Cybercriminals Use Green Padlock Icon to Trick Victims
- The green padlock icon has been associated with security for quite some time.
- Although Google has abandoned it for its Chrome browser, the icon continues to be considered as an indicator of safety.
Criminals are exploiting this belief and branding fraudulent sites with the green padlock icon.
What is the green padlock icon?
The green padlock represents that the data exchanged with the website in question is encrypted.
- Although this represents encryption, the existence of this icon does not mean that every site with this icon is secure.
- Even when you see the icon, it is always a good practice to check the address bar for typos of legitimate websites to check if you’re accessing a phishing site or not.
What is happening?
With criminals looking for new ways to convince victims to click on phishing links, the use of the green padlock icon has shot up.
The availability of free certificate services has made this quite easy, especially during the holiday season when scams are on the high along with sales and promotional emails.
“The bad actors are getting these phishing domains and registering them.

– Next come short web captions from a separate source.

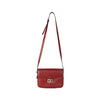 Secondhand Celine Triomphe Shoulder Bag - '10s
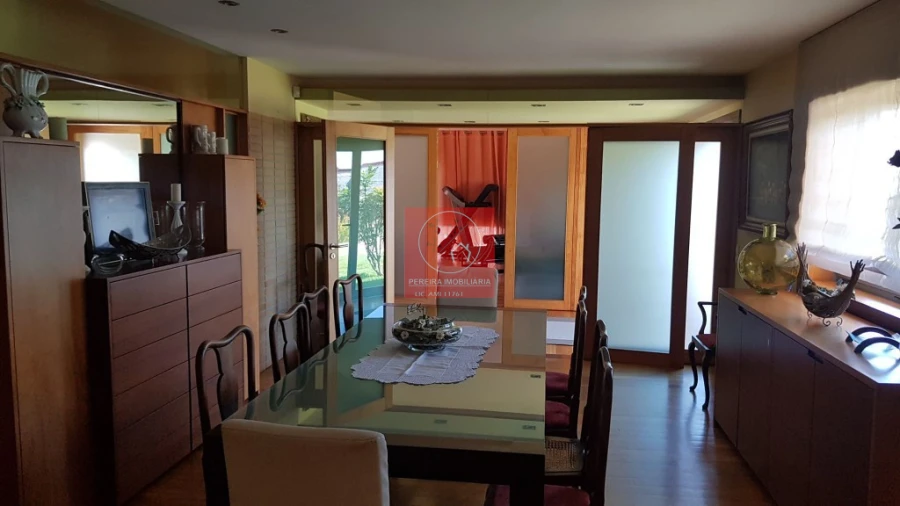 Quinta T5 para Venda em Aver-O-Mar, Amorim e Terroso Foto 37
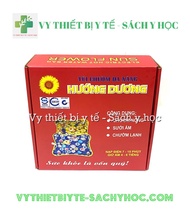 Túi chườm nóng Hướng dương mẫu mới 2021- 3 cỡ ( có chứng chỉ Iso 9001: 2015 )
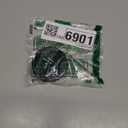 e.l.f. Poreless Face Primer, Skin-Perfecting & Lightweight, Long Lasting, Smooths & Preps to Create Flawless Base, Infused with Tea Tree and Vitamins A & E, 0.74 oz (21g)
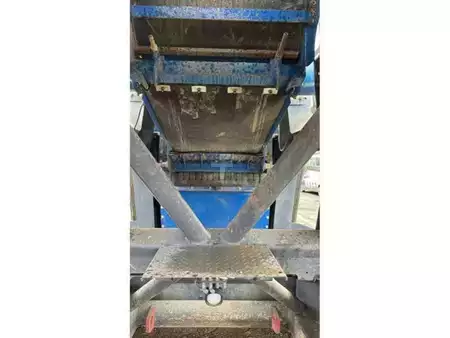 Pozostałe 2022 Kleemann MC110I EVO2 A MACHOIRE (29)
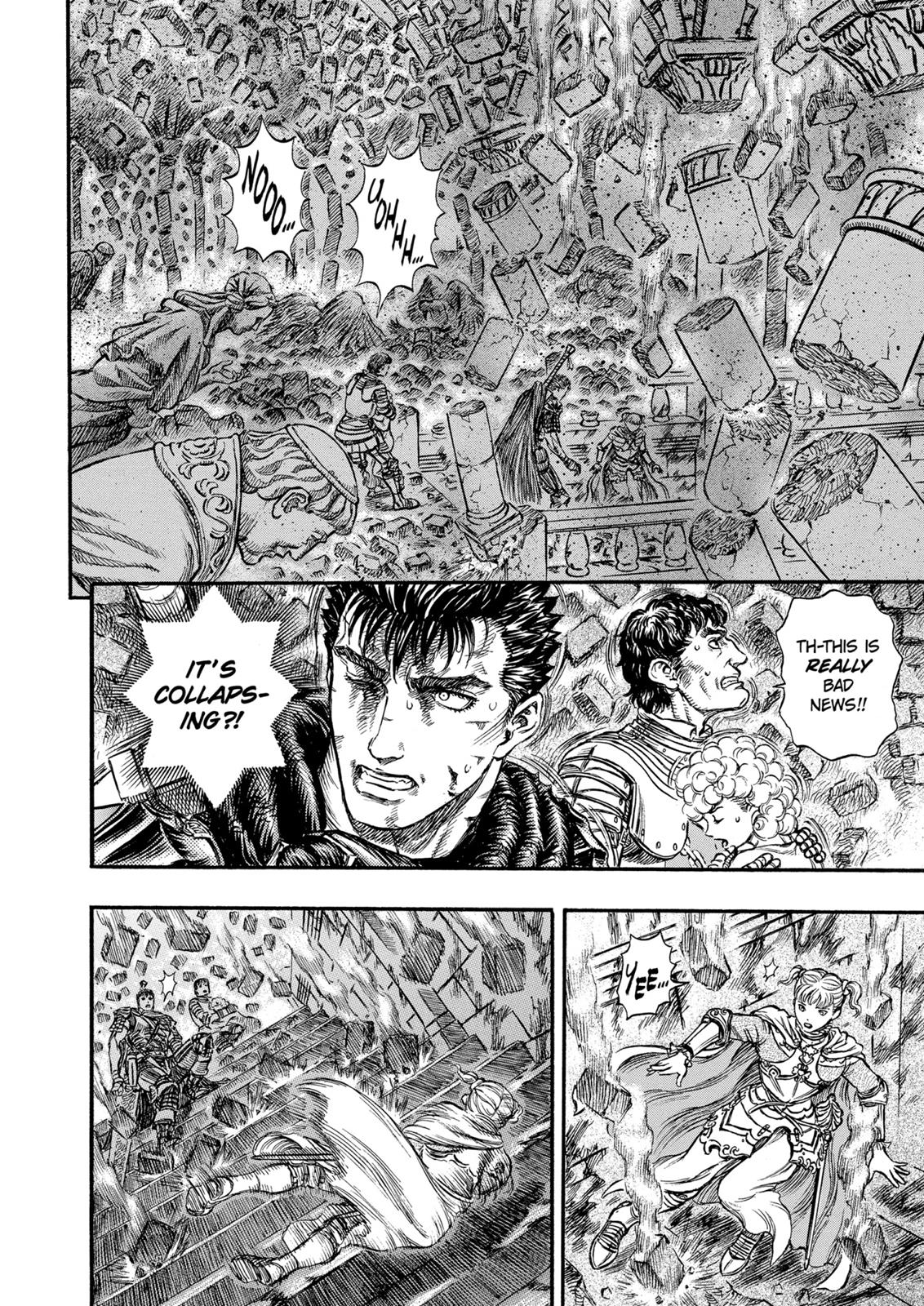 Berserk Chapter 162 - Page 13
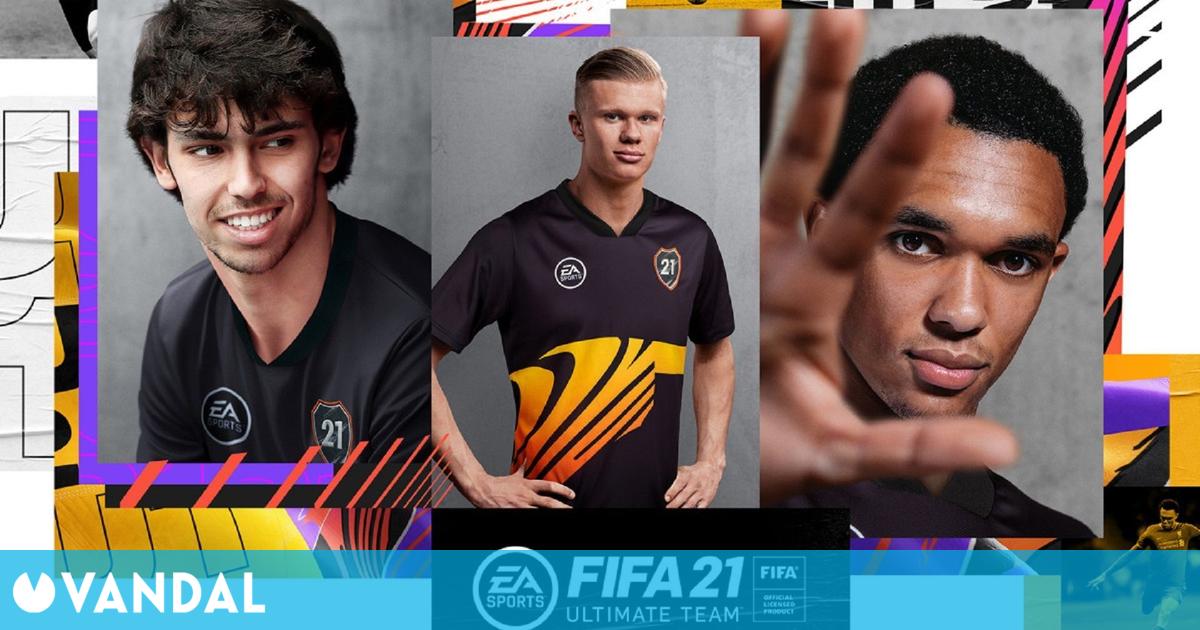 EA demuestra que no usa dificultad dinámica en FIFA para incentivar la compra de sobres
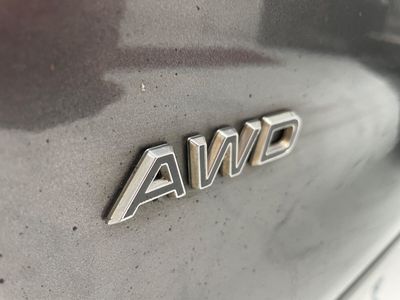 2017 Ford Kuga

Then they are standing up phishing sites on those domains that are essentially clones of the various e-commerce sites to fool the end user into believing they're on a legitimate e-commerce site,” say security experts.
How you can stay safe
Companies and individuals must do their part to stay protected from this type of fraud.
- For individuals, the most basic thing to do would be to avoid clicking on suspicious links, especially those that seem too good to be true.
- Organizations can add a layer of security by scanning for suspicious domains and filtering them out before the employees have a chance to access them.
- Researchers also recommend monitoring the behavior of password managers. If they refuse to provide saved credentials for sites, this may be an indication of the site not being legitimate.